■ **GOAL OF THE EXERCISE**
Retype the material that follows exactly, limited to the lines from the one with "Funny mood with cats viral video" through the one with "Polygenic Traits produced", and keep out all pictures.

■ **INPUT FOR THIS TASK**

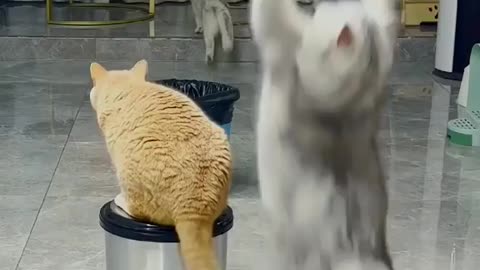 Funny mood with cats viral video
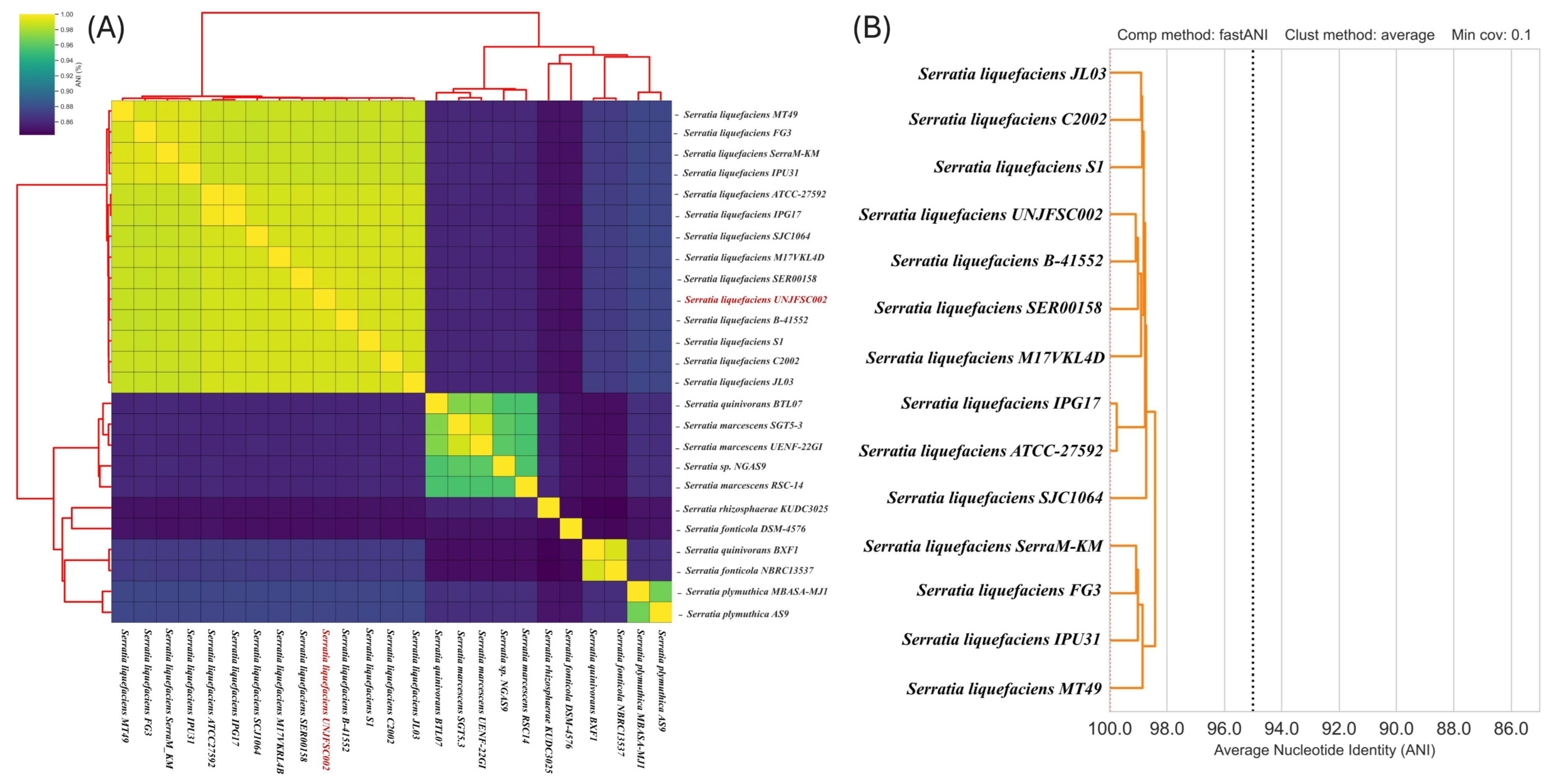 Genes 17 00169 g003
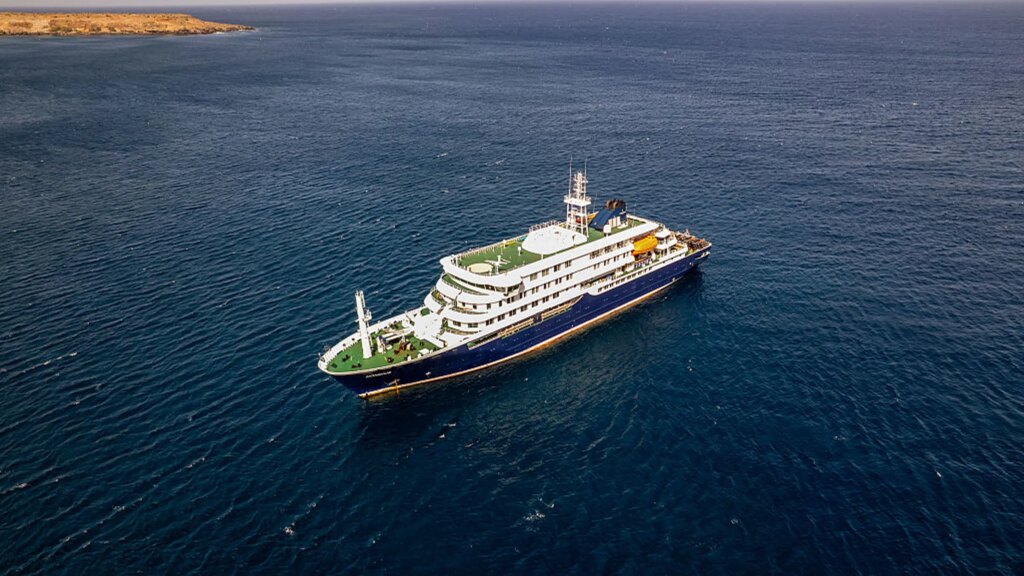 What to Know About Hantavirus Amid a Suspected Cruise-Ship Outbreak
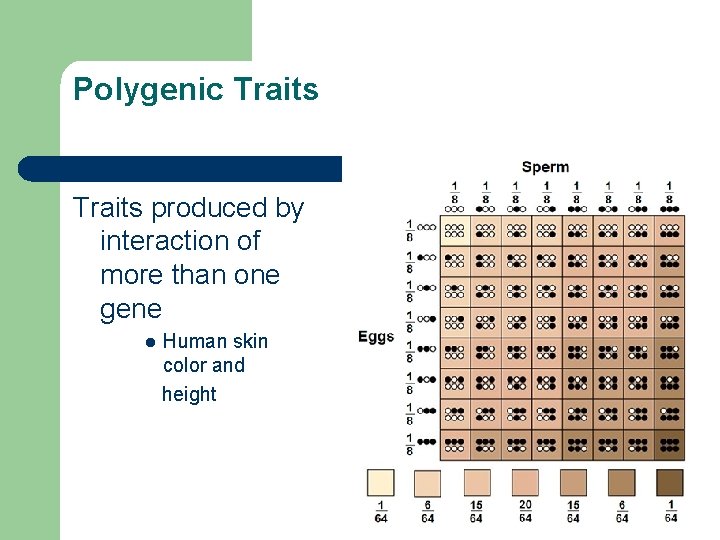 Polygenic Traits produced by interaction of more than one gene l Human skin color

* * *

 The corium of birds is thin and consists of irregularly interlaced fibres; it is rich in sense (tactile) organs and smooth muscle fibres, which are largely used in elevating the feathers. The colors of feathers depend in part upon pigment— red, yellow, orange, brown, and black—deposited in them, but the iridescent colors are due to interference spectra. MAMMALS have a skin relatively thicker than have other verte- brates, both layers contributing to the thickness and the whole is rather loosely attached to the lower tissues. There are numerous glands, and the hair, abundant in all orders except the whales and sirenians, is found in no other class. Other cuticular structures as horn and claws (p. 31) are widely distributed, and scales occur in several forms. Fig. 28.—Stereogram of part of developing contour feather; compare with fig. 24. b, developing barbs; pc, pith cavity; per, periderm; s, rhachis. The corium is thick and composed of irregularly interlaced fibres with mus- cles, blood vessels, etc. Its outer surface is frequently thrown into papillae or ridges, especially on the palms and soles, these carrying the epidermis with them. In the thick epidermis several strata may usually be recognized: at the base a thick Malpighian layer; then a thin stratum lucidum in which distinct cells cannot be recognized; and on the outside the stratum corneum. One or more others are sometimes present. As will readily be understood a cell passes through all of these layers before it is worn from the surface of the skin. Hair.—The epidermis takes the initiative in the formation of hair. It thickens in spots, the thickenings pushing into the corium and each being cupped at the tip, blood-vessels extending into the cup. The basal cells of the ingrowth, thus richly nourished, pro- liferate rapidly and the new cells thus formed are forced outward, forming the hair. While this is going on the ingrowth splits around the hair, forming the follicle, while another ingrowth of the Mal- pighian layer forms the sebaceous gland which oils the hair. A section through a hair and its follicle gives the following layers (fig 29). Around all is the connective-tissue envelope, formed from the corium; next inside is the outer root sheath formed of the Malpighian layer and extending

■ **FINISHED EXERCISE**
 Funny mood with cats viral video
 Genes 17 00169 g003
 What to Know About Hantavirus Amid a Suspected Cruise-Ship Outbreak
 Polygenic Traits produced by interaction of more than one gene l Human skin color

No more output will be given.